▽

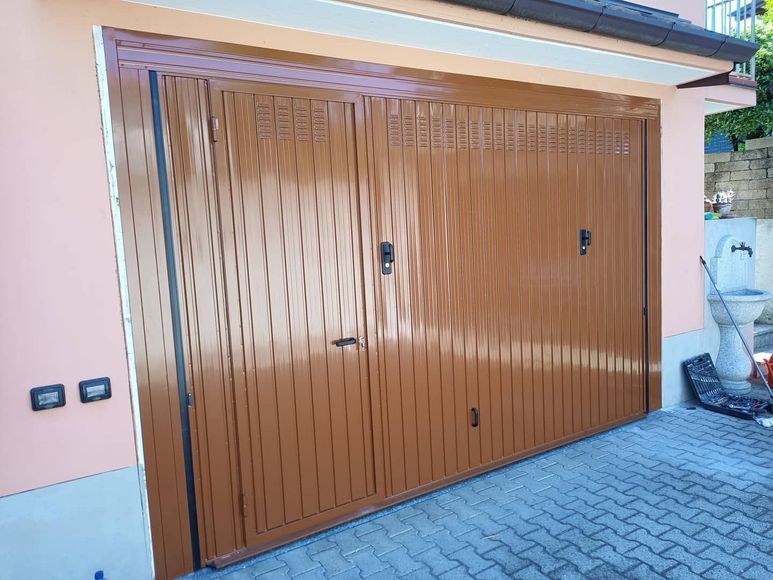 Porta del garage in legno marrone con pannelli superiori a listelli, sulla facciata di una casa, accanto a un vialetto pavimentato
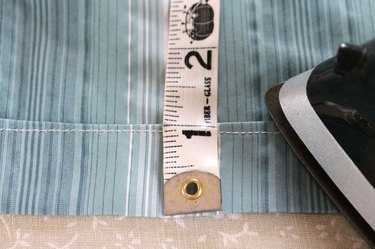 pressing under an inch on the bottom of the shirt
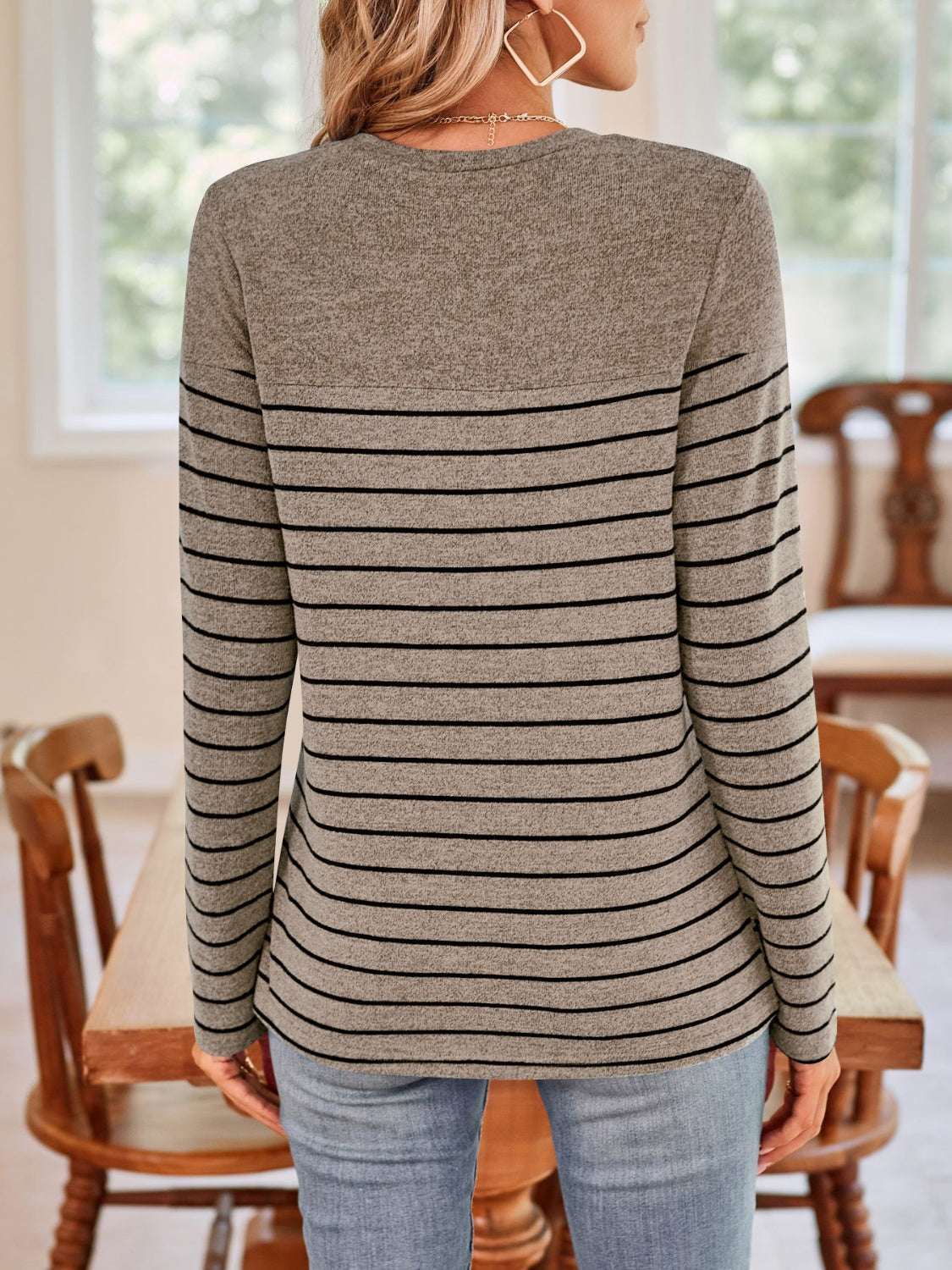 Lovelet Quarter Button Striped Round Neck Long Sleeve T-Shirt in gray with black stripes, showcased in a casual indoor setting.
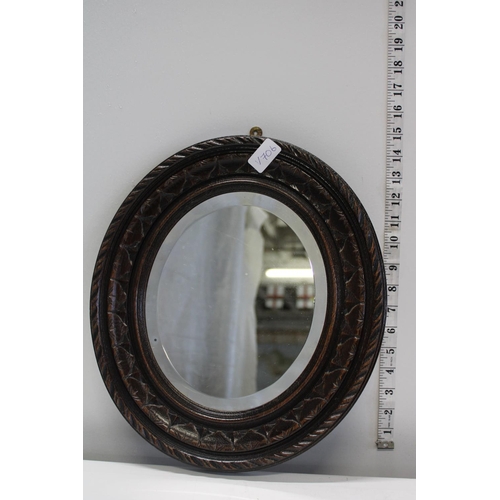 14 - A wooden antique framed oval mirror with bevelled edge glass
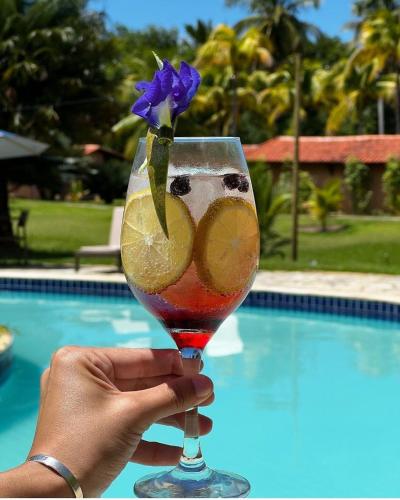 a person holding a drink with a flower in it at Angá Beach Hotel in São Miguel dos Milagres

△

Task description:
The entries above should be reproduced exactly, without their pictures.

Reply to the exercise:
 Porta del garage in legno marrone con pannelli superiori a listelli, sulla facciata di una casa, accanto a un vialetto pavimentato
 pressing under an inch on the bottom of the shirt
 Lovelet Quarter Button Striped Round Neck Long Sleeve T-Shirt in gray with black stripes, showcased in a casual indoor setting.
 14 - A wooden antique framed oval mirror with bevelled edge glass
 a person holding a drink with a flower in it at Angá Beach Hotel in São Miguel dos Milagres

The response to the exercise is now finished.